I actually kind of like zone alarm - but if I wasn't such a cheap skate I'd buy F-Secure - from my experience it suits my needs most. That said I've never tried sy-gate, maybe I'll give that a whirl too.
Thanks everyone for all your replies.
GANDALF: "You have more chance of hitting the 6 lotto numbers on 3 consecutive weeks than ever having a 'hack' attempt"
I'm not so sure about that. Someone I know was having problems with her firewall which was preventing her AV software from getting updates from the internet. I couldn't work out why, and it was an old Tiny firewall, so I thought it best to uninstall it and download the free Zonealarm one.
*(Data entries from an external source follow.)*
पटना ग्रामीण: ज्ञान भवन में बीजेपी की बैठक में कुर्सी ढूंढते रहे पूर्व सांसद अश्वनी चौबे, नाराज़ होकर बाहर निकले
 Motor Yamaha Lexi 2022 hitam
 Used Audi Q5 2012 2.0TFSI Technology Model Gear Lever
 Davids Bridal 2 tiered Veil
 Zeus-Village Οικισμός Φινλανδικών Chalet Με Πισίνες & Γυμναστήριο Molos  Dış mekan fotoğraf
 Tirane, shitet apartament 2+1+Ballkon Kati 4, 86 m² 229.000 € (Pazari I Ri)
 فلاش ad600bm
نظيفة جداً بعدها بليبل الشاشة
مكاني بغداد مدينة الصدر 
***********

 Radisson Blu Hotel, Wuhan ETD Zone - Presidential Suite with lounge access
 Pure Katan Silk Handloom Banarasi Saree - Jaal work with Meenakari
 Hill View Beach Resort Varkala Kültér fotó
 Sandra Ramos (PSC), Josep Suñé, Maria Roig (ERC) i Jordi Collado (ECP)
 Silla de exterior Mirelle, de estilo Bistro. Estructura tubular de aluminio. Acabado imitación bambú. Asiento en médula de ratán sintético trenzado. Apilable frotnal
Without thinking, I removed the tiny one, then went on the internet and started to download Zonealarm (ie without a firewall running on the PC). I should have uninstalled the Tiny firewall AFTER downloading Zonealarm. During the 30 or so minutes it took to download Zonealarm (she has dialup internet) her AVG anti-virus warned of four different bits of malware that were trying to get on her PC. I assume that they were getting through open ports that a firewall would have blocked. Fortunately, AVG stopped the malware, but if a new bit of malware had been doing the rounds that AVG hadn't been updated to cope with, I think that it would have caused trouble.
I also use the built-in XP Firewall together with the usual anti-virus applications and have had no troubles over the past 3 years.
As I've mentioned before it's ZoneAlarm for me.
The XP firewall does not run in stealth mode. It is easily penetrated.
Regarding Steve Gibson. Even Microsoft have at times met up with him and listened to his suggestions.
GANDALF. I checked your link and it seams it is set up to slur Steve Gibson. That kind of character assassination would not be tolerated on this site!
This thread is now locked and can not be replied to.